### EXERCISE GOAL
Although the entries contain pictures, the copy should hold only their exact text.

### EXTRACTED MATERIAL
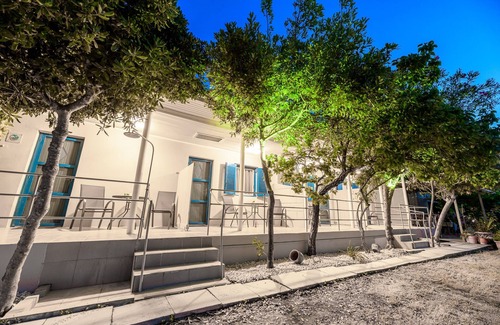 Agios Sostis Apartamento | Deluxe Double Studio-Zante Riva Studios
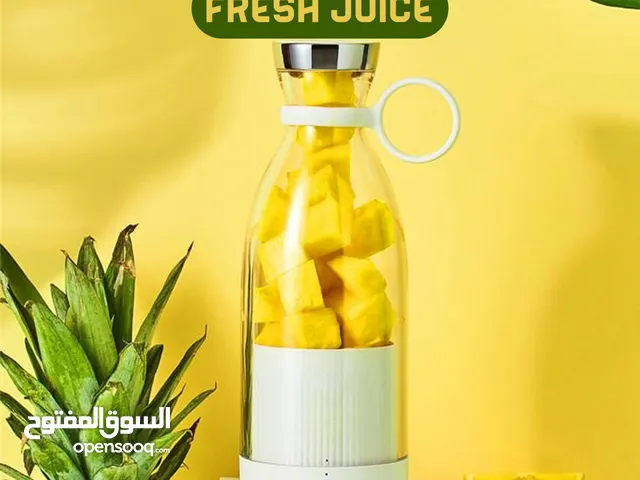 خلاط Fresh Juice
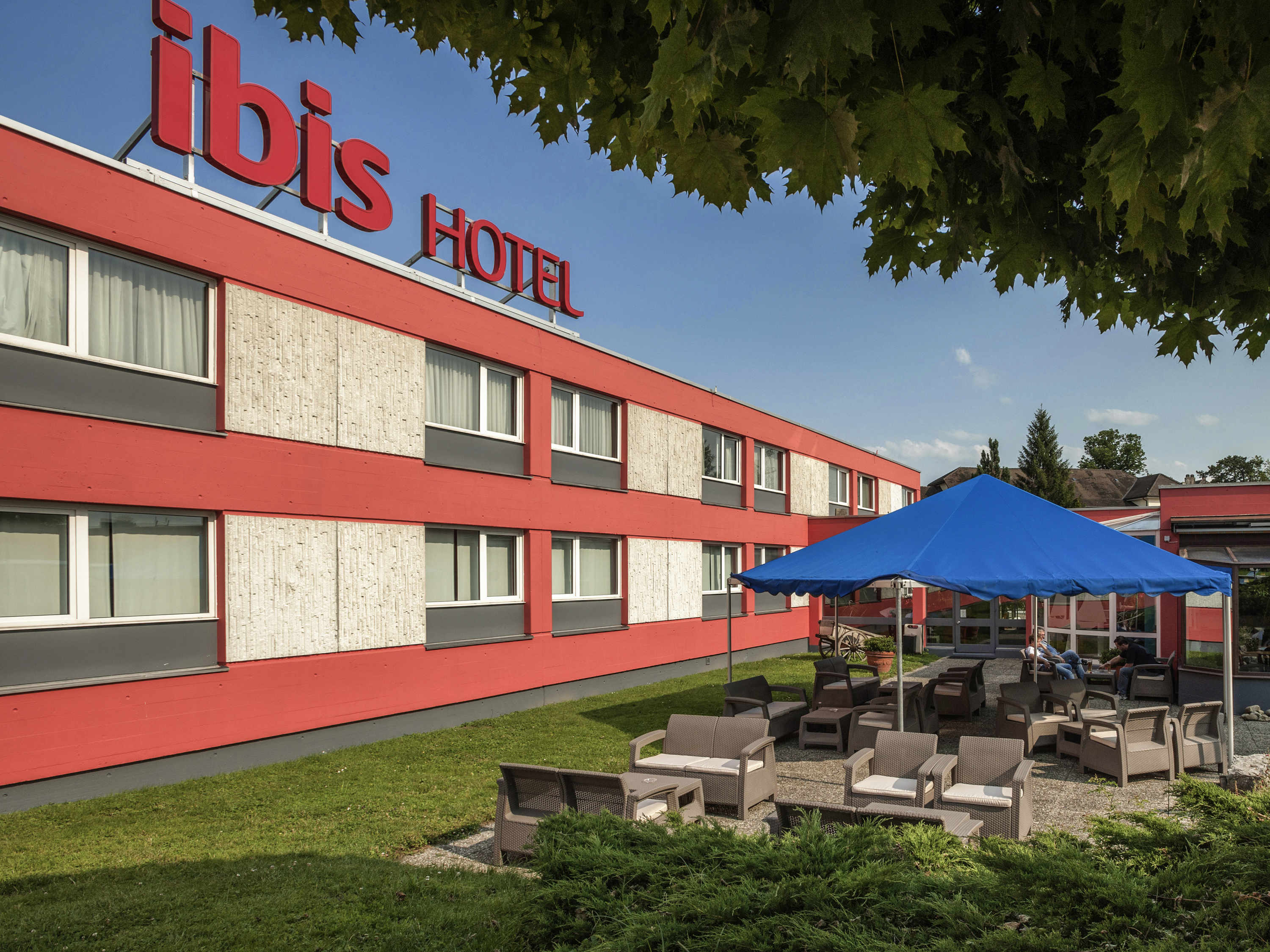 ibis 3 Lacs Neuchatel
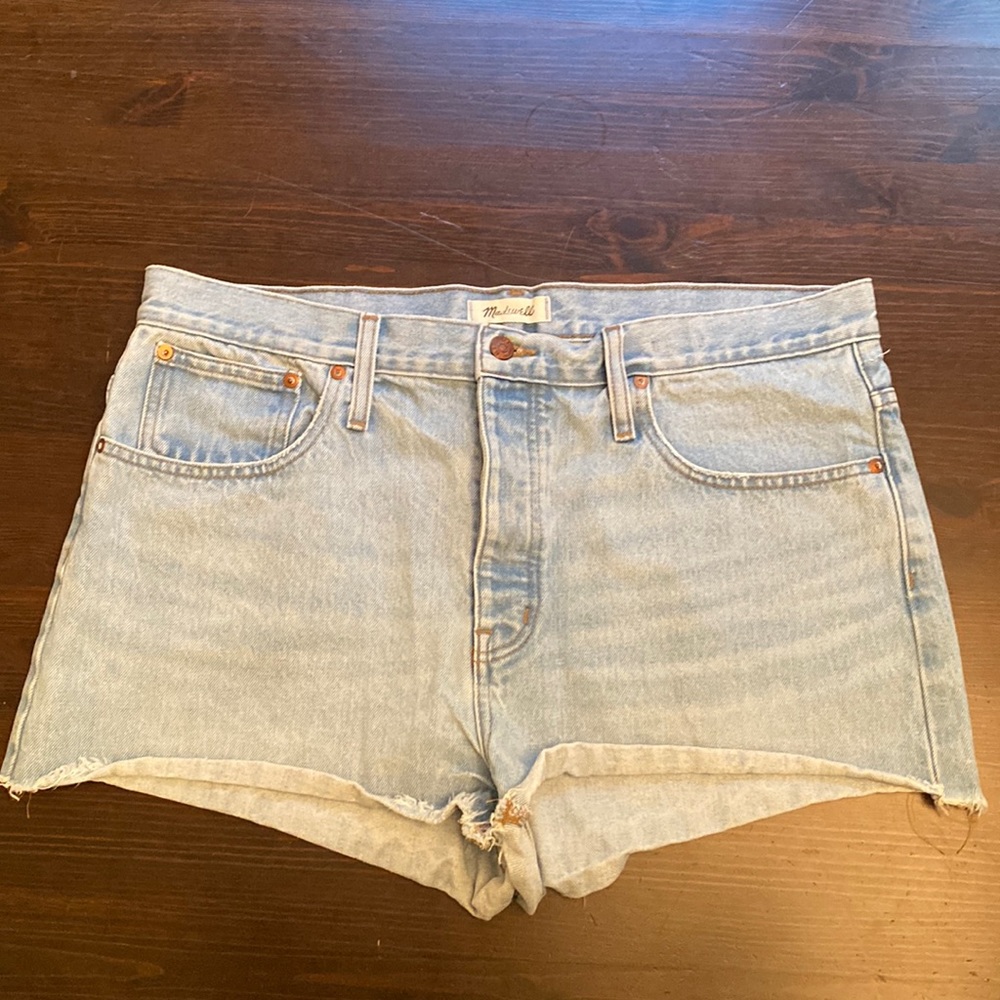 Madewell Shorts
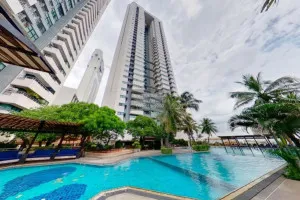 ขายคอนโด  สาธร การ์เด้นส์ MRT-ลุมพินี ทุ่งมหาเมฆ เขต สาทร กรุงเทพ CX-119996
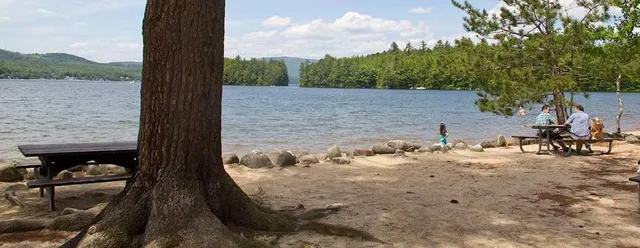 Wellington State Beach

### EXERCISE RESPONSE
 Agios Sostis Apartamento | Deluxe Double Studio-Zante Riva Studios
 خلاط Fresh Juice
 ibis 3 Lacs Neuchatel
 Madewell Shorts
 ขายคอนโด  สาธร การ์เด้นส์ MRT-ลุมพินี ทุ่งมหาเมฆ เขต สาทร กรุงเทพ CX-119996
 Wellington State Beach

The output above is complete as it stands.